林雪隱道:“你在編造些什麽,是不是不想傳我內力,就來說些閑話騙我?”

甄語遁道:“不信你走幾步瞧瞧。”

林雪隱站了起來,狐疑地走上幾步,隻覺得四體通泰、行走如飄。林雪隱一喜,雙手抓緊小和尚的僧袍,像一棵樹藤似的纏著他向上爬,剛好夠得著他的嘴唇時,她飛快一啄,然後直接從高處跳了下來。

甄語遁窘得俊臉通紅。林雪隱道:“本姑娘今個兒高興,念你有功,賞你一記香吻。很單純的美好,你可不要胡思亂想。”
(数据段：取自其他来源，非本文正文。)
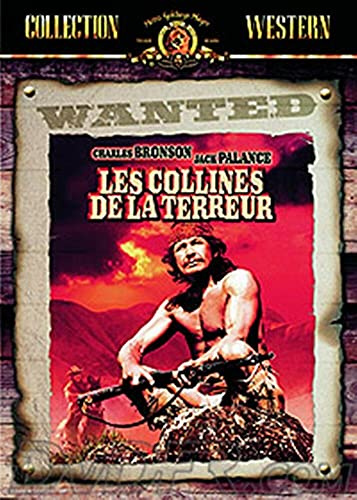 Les Collines de la terreur [FR Import]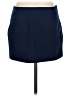 Vero Moda Argyle Blue Casual Skirt Size S - photo 2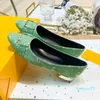 Designer Women Sandals Rubber Sandal Womens Fisherman Platform Flats Slide Metal Leather Slippers Retro Beach Loafers Round Toe Sandals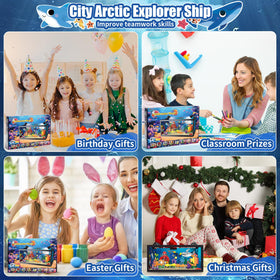 Kiothdre bright, child-safe bricks ensure durable building fun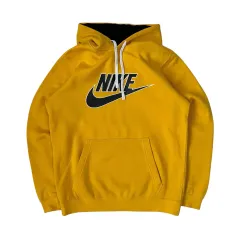 M NIKE フーディー
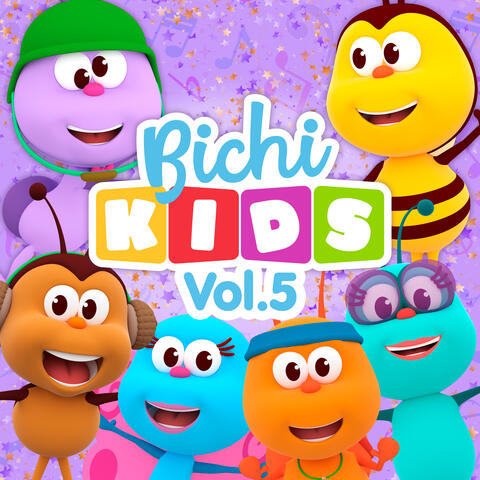 Bichikids Vol.5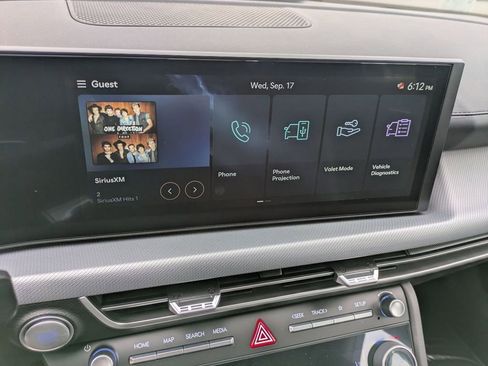 New 2025 Hyundai Sonata SEL image 24
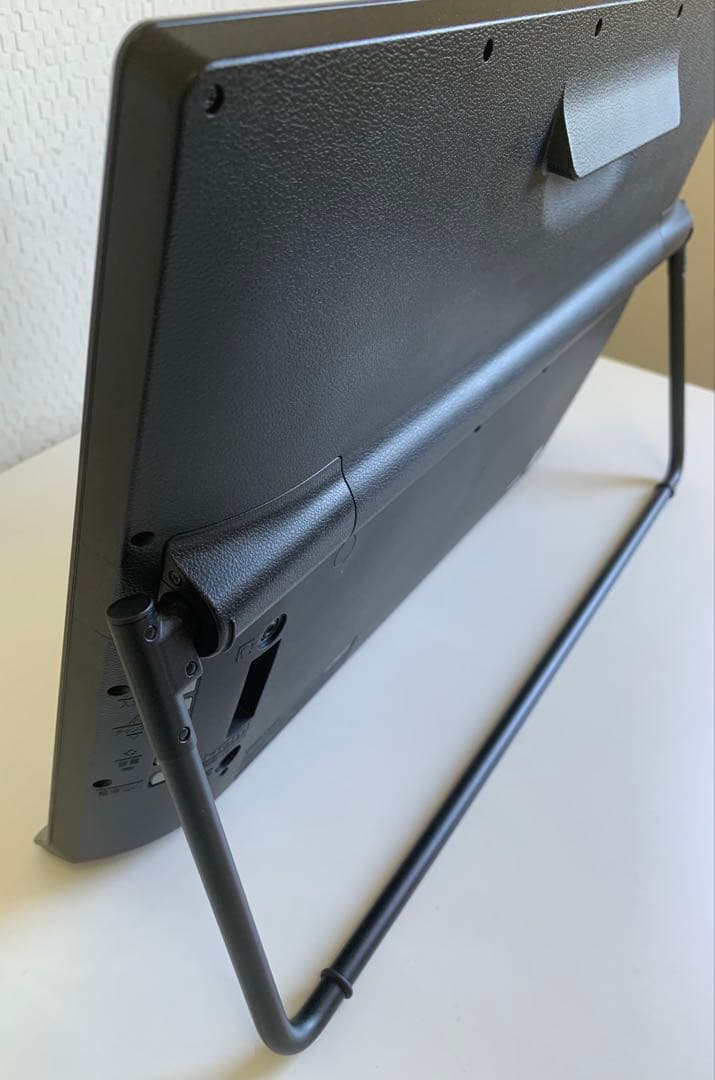 2022年製 Panasonic プライベート ビエラ UN-19FB10HD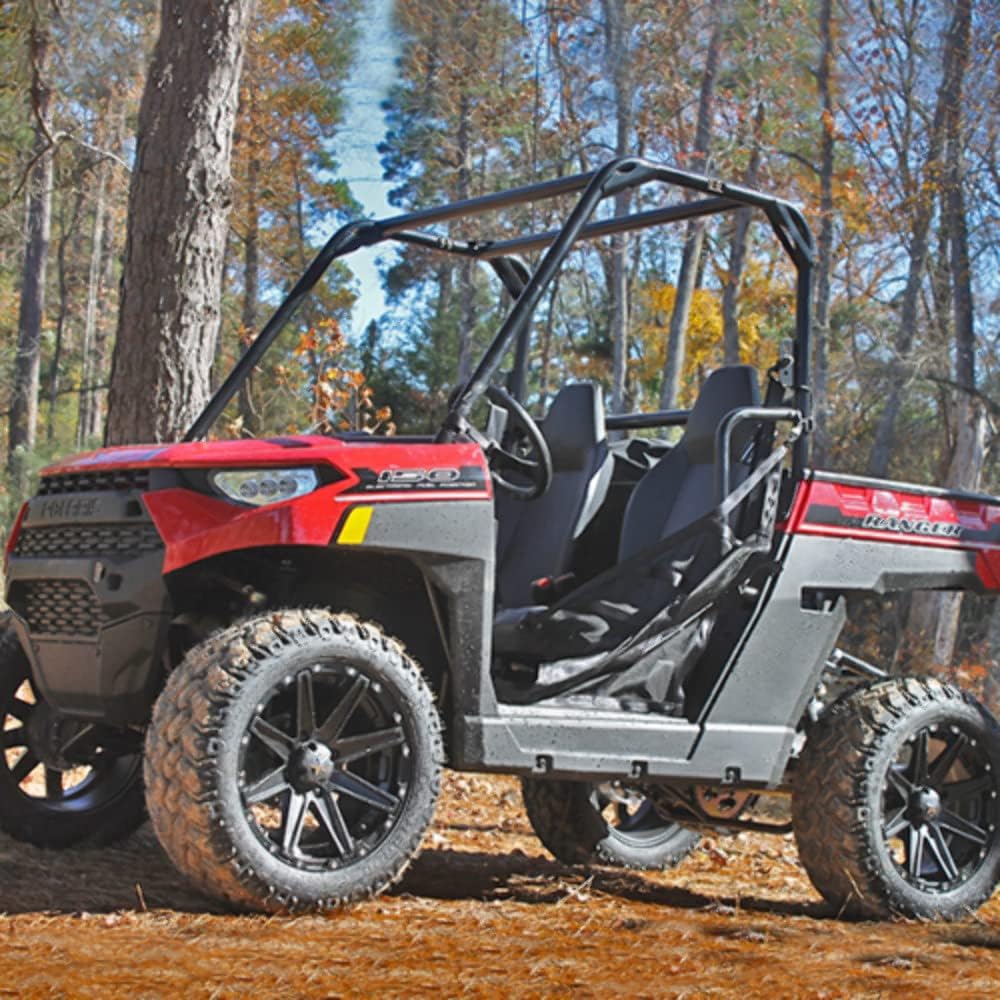 2" Lift Kit Polaris Ranger 150 PLK150R-00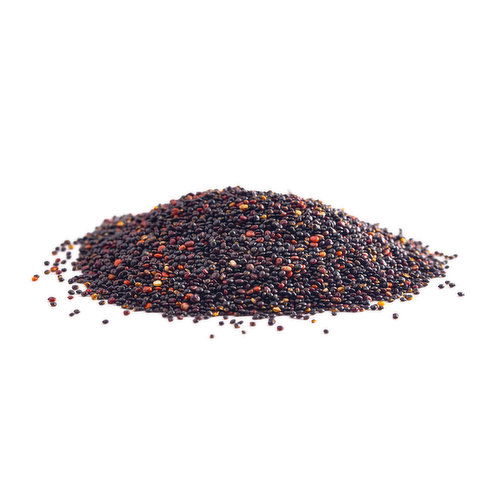 Grain - Quinoa Black Organic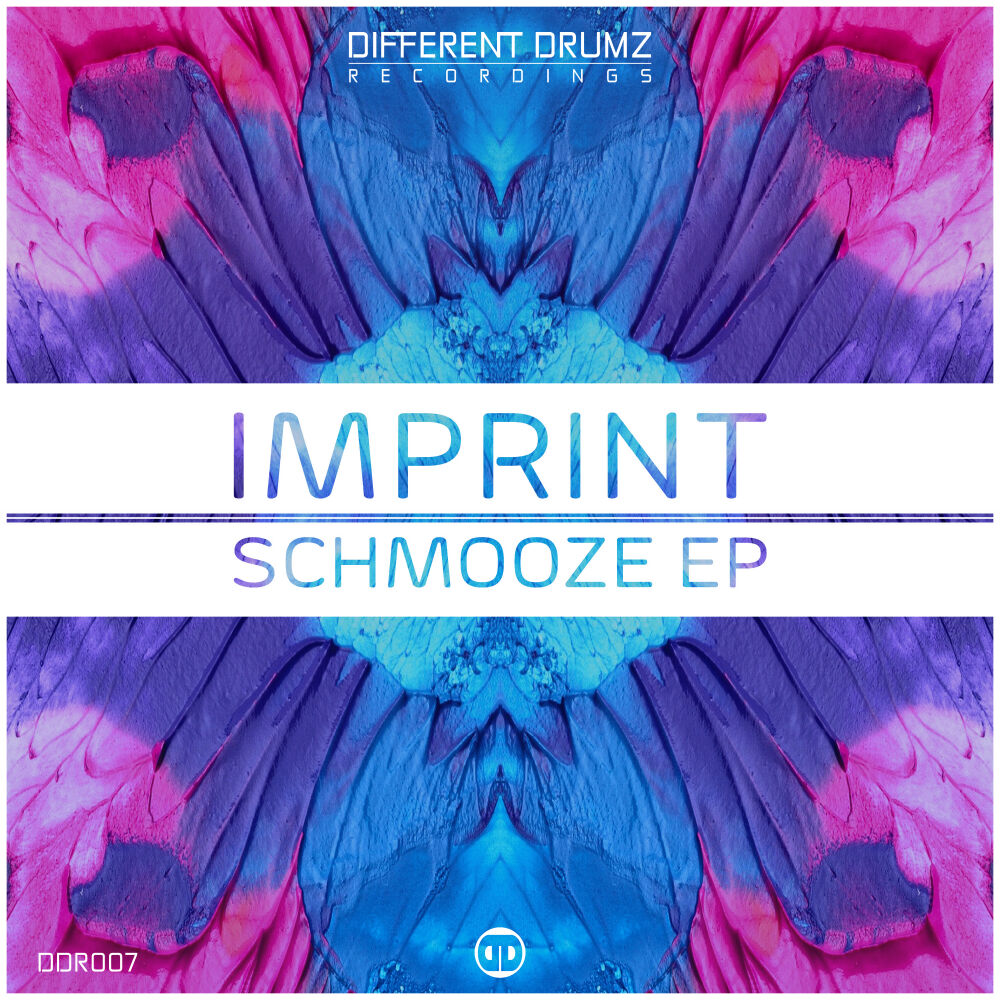 Picture of Schmooze EP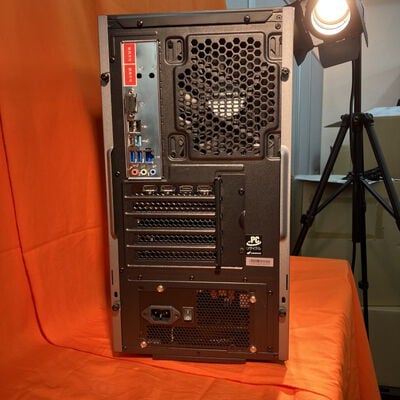【なんば店】中古  THIRDWAVE GALLERIA RM7C-R46 (14700F/16GB/SSD500GB/RTX4060/W11H) 3280021131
甄語遁更窘了,隻得打岔掩飾道:“你看前麵的樹上有個馬蜂窩。”

林雪隱順著她的手指方向一看,那顆合抱粗的老樹上,果然懸著一個馬蜂窩,其規模之大,實乃生平罕見,那體積隻怕要比林雪隱都大上許多,跟一大團烏雲似的。叫聲嗡嗡,成千上萬混在一起,聽起來好象悶雷。

林雪隱期冀道:“若是能把它弄了下來,給師父沏茶喝,那該多好啊。說不定師父一高興,還研出些武功招數傳我呢。”

甄語遁道:“如果不是你在身旁,就算再有幾個,我也能一一投了下來。並且還能輕鬆躲開。但有你在,礙手礙腳的,就算螞蜂窩下來了,隻怕我倆也要變成蜂窩狀了。”

林雪隱急道:“我遠遠地看著,好不好?等那些馬蜂飛遠了,我再過來,和你一起把蜂窩撿回去。”

甄語遁打量著地形,而後指著出洞口旁的一塊大石說:“你躲在那後邊。我沒讓你出來時,你萬萬不可出來。”

林雪隱乖乖地應著,在那後邊躲了起來。

甄語遁找了一根細長的竹子,向那蜂窩投去。林雪隱忍耐不住好奇,也悄悄湊了過去。

“啪”地一聲,蜂窩掉了下來。碩大的馬蜂炸開了窩,四處飛散,瘋了一般到處亂撞地攻擊著。

林雪隱心裏大慌,竟撲甩著衣袖抽打起來。這樣更加明顯地暴露出了行蹤,一群馬峰怨毒地向她飛去。她雙手舞著,馬峰已落滿了她的頭上身上。

甄語遁正要向洞口撤離時,卻看到林雪隱身陷了群蜂包圍之中,他再也顧不上許多,吼了一句“別動”,抱起她就一頭紮進了旁邊的潭水中。

瘋蜂紛紛被激流衝走或者淹死。那暗湧的水流,亦把他們卷到了瀑布之中,墜落而下,直入鏡鑒湖裏。